Foi o regime político e a ideologia estabelecidos na China Continental a partir de 1948, sob a liderança de Mao-Tsé-Tung, conhecido como “O grande Timoneiro”. De um modo geral, pode-se dizer que o comunismo maoísta nunca teve semelhanças com a experiência socialista da União Soviética ou dos países do Leste europeu.

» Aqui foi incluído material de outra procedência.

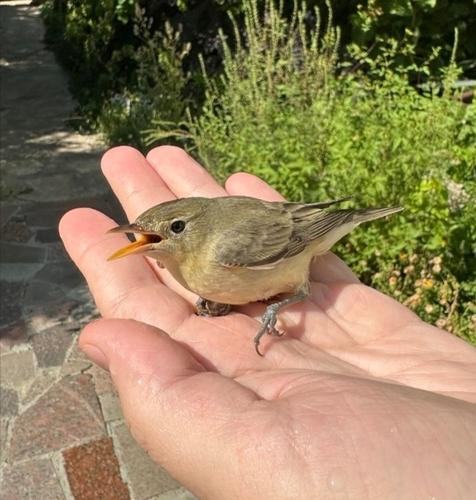 Gelbspötter (Jungvogel)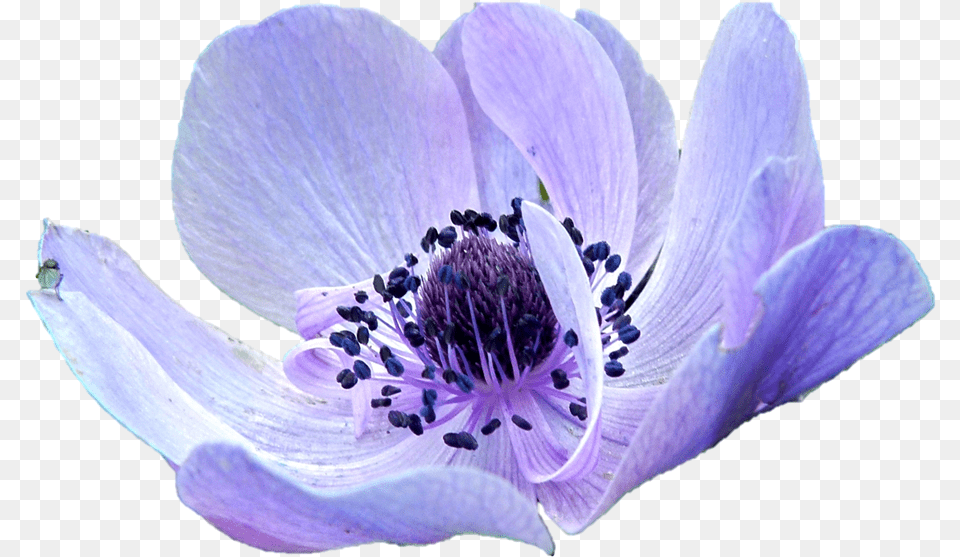 Anemone Purple Flower Anemone, Anther, Petal, Plant, Pollen Free Png Download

Uma das características do maoísmo que o distancia do leninismo é o voluntarismo, segundo o qual as condições objetivas da sociedade não são muito importantes para a revolução se as condições subjetivas, isto é, a vontade revolucionária do povo, estão presentes. Isso leva os maoístas a defender a insurreição armada como método de tomar o poder em todas as sociedades, e não só nas sociedades agrárias. O pensamento maoísta contém uma doutrina militar integral que liga explicitamente a ideologia política com a estratégia militar. Para o maoísmo,”o poder nasce do fuzil”, e por essa via era possível que os camponeses participassem numa guerra popular configurada como guerra de guerrilhas em três fases: Primeira: mobilização de camponeses e estabelecimento da organização. Segunda: estabelecimento das bases rurais e incremento de coordenação entre guerrilhas. E terceira: transição face a uma guerra convencional.